Wagner, who works in the Houston office, said he advises clients to “future-proof” their designs. “If parking demand is going to decrease, what can we do in design to make sure we allow for other uses,” he said. Having retail at street level is one way to do that, he said, but so is having interior spaces set aside for pick up and drop off for on-demand ride services like Uber and Lyft. “We’ve talked with owners about that, just thinking forward five-ten years so they’re not stuck with an asset that’s a dinosaur,” he said.
Wagner generally agreed with Wittenberg that it is unlikely that stand-alone parking ramps (referred to as garages nearly everywhere but Minnesota) will be built with conversion in mind. But another requirement of the new Minneapolis code might also lead architects and developers to allow for future conversion as they design buildings.
The new code changes a decade-old requirement that “principal parking garages” — those that are open to the public — be below ground. If a developer wants to place parking above street level, they must line those floors with what are called active uses, usually commercial or residential spaces. That could mean a garage connected to separate structures fronting the street, as it is with the Mill City Quarter ramp near the Guthrie. Or it could mean that the ramp and the commercial uses share the same floor plate, as is the case in two buildings being constructed in the North Loop.
“The kind of building where you already have parking sandwiched between occupied space, that construction type is already fit for that so the conversion is pretty simple going forward,” Wagner said. “But when you have a stand-alone garage with long-span construction, then it becomes a less desirable building to convert. You have to start dealing with columns on the exterior, the sloping floors. That’s when you start thinking it is better to tear it down and start over.”
One of those North Loop buildings, 419 Washington, is being developed by Swervo Development and CPM Cos. Aron Johnson, the project manager for DJR Architecture, which designed the building, said the design contains many of the elements that will be required in the new code, something he attributes to existing historic district rules and the peculiarities of the site. The building will have three floors of below-ground parking and five-floors of above-ground parking, while commercial space will occupy the upper floors of the building.
But even on the street-facing floors that contain parking, the design will have retail and commercial spaces facing the street. While that is already required in historic districts, Johnson said the feature was in response to the desires of the neighborhood association, who wanted parking but also wanted the building to fit in with historic structures.
The building was also designed to allow future conversion of the parking levels. “How we designed the ramp was to be flat-plate construction so that there would be the possibility of converting that to office space if the need goes down,” Johnson said.

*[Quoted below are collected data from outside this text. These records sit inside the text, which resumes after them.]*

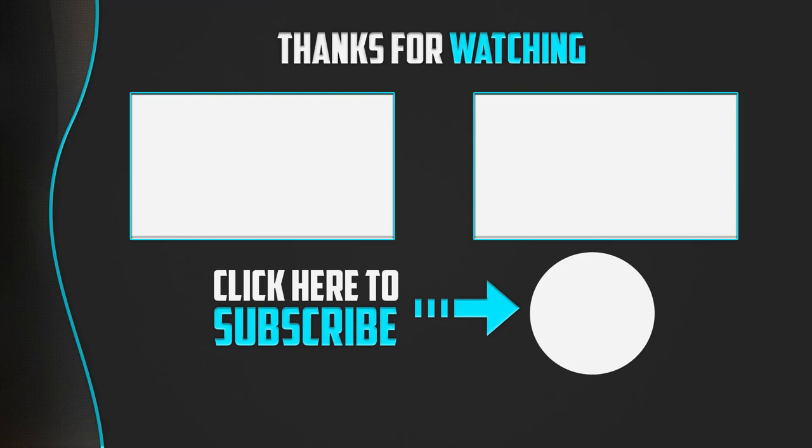Thanks for watching guys. I hope you liked this video. If this video was helpful to you, please make sure to like, comment and subscribe. If you have any questions related to these products, you can leave a comment down below and I will get back to you as soon as possible.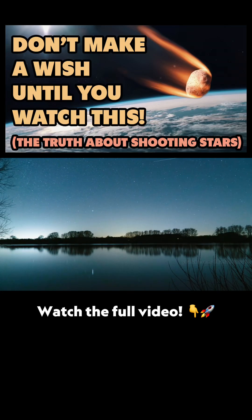Have you ever looked up at the night sky and seen a sudden streak of light? That's a shooting star, but did you know it's not a star at all? So, what is it? And why does it light up the sky?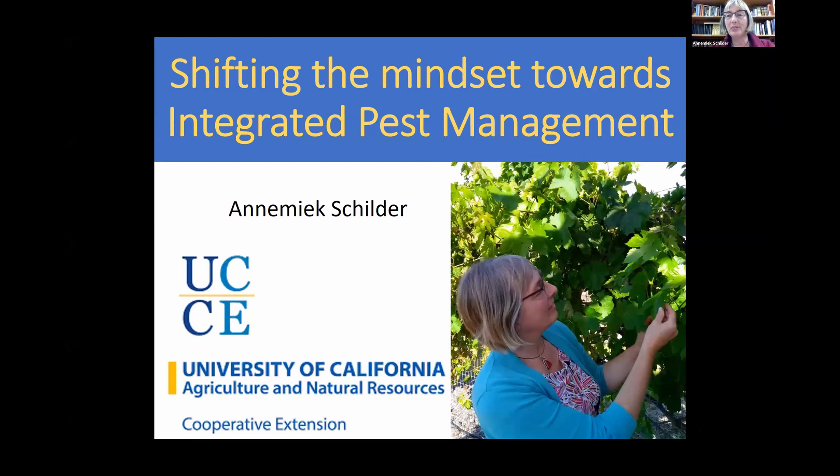Thank you so much Jen and Ron for inviting me to speak at this webinar. I wish it was in person, but this is a second best option and I really appreciate your leadership in trying to shift us away from chemical pest control and to other forms. I will talk about integrated pest management as a first start of that shift.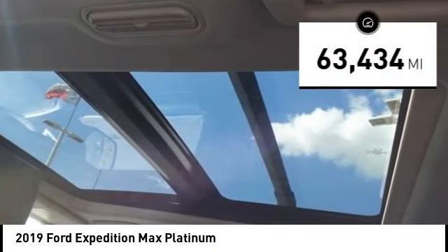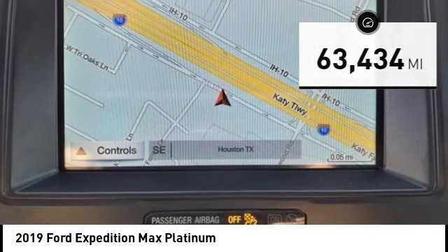This vehicle has less than 65,000 miles. Here are some of this vehicle's great options.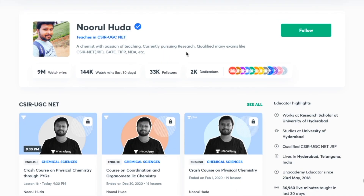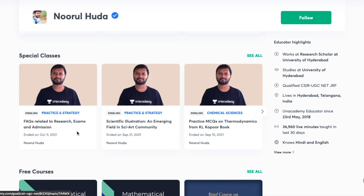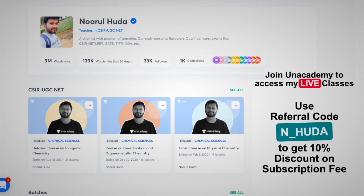I teach live on the Unacademy Plus platform for the CSIR-NET/GATE category. You can follow me there for regular classes — both free and paid. Free classes are available under the 'Special Classes' section, and paid live classes require an Unacademy Plus subscription. You can use my referral code — N underscore HUDA — to subscribe and access my organized, complete-syllabus paid classes.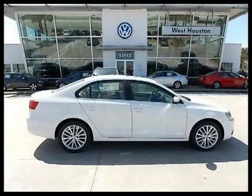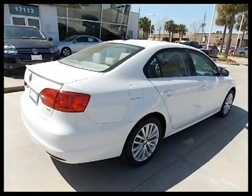This 2013 Volkswagen Jetta Sedan 4-door car is located in Houston, Texas and has zero miles on it.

The building will also meet another desire of the city. Three of the floors will be available for public parking, an important feature in a neighborhood that often complains about a shortage of spots.
Yet the convertibility of the parking to commercial office space was cited by opponents of the building’s height as a reason to deny approval — that the parking was simply a way to get neighborhood association approval and would be converted later, exacerbating rather than easing the neighborhood’s concerns over the issue.

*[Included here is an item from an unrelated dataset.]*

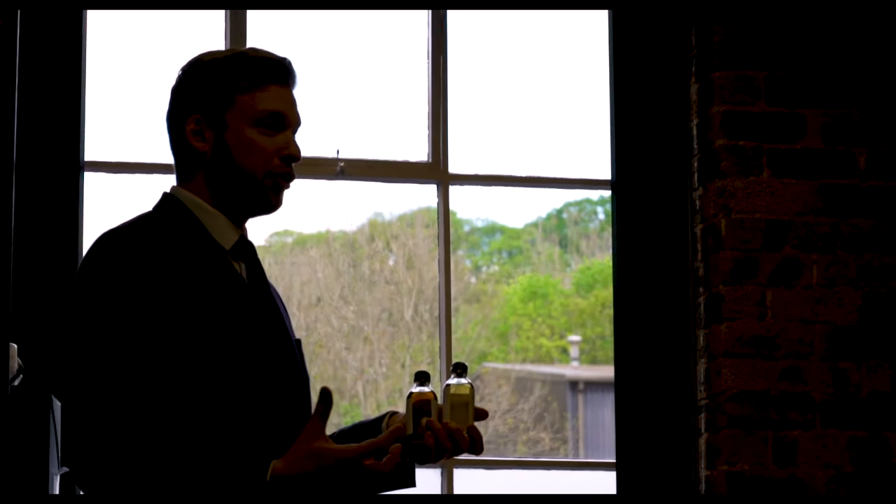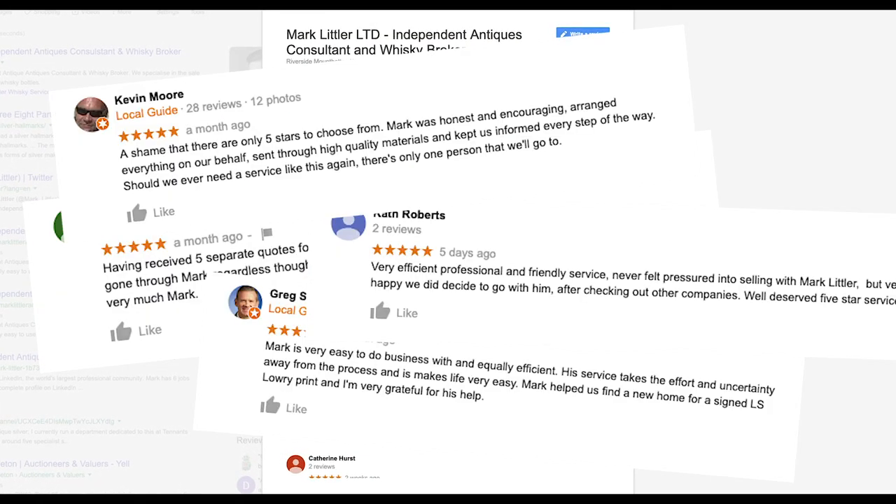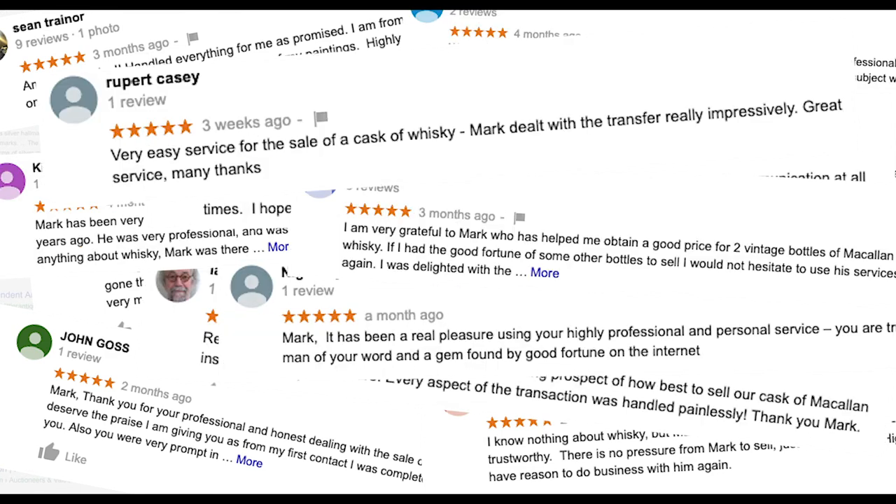We've been helping customers since 2016, and in that time we've earned hundreds of five-star reviews online. If you want to take a look, they're on Google, Yelp, and Facebook. We've earned these reviews by being open and honest with customers and building a long-lasting, trusting relationship. So if you've got an item that you're looking for evaluation on or considering selling, please contact me directly at mark@marklittler.com.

Another North Loop building under construction will have a similar layout. The 729 Washington, an office building being developed by United Properties, will be connected by a parking structure on 3rd Street North. But that ramp will have 44 micro apartments facing the street with parking levels behind them.
No more ‘nothing-but-parking’
The broader changes to the city code adopted by the Minneapolis City Council Friday are in response to concerns from developers about the current parking requirements, especially the demand that garages that are open to the public must be below ground unless they are part of a transit center. Developers currently can build parking above ground only if it is for building tenants. “That has made it pretty impractical to create parking in a district-parking kind of strategy,” Wittenberg said.
It also might have discouraged redevelopment of surface lots whose owners want to continue to serve current customers in a new building but don’t want the expense of digging for underground parking.
In return for providing more flexibility in the rules, the city wants parking ramps better screened with “active” uses, not just with screens and fencing. And stand-alone ramps that have no other uses will continue to be banned. Also, no ramps will be able to face the newly reopened Nicollet Mall.
Wittenberg summed up the theory behind the new rules like this: “OK, we understand the need to provide parking but we don’t want it to be done in a manner like the Gateway Ramp or the A-B-C Ramps where you have a whole block of nothing but parking.”
The current code required a public use — retail, restaurant or office on the street level — but Wittenberg said the new code takes that a step further and requires such uses all the way to the top of the building. It also demands better blocking of headlights and overhead lights and will no longer allow unscreened parking on roof levels.
Unlike the current code, the new rules will also allow a developer to attempt to show that meeting the requirement to have other uses on the entire street facade would be impractical. The city could then require architectural solutions, such as better designed façades above ground level. An example Wittenberg cited is the new 4Marq building that was on such a small footprint that there wasn’t enough room to have active uses with parking concealed behind it.
What would the city like new ramps to look like?
Wittenberg pointed to the Mill City Quarter ramp near the Guthrie as “the gold standard for above-ground ramps.” It already has residential buildings on three sides, and construction on another piece of land on Park Avenue will eventually complete the enclosure.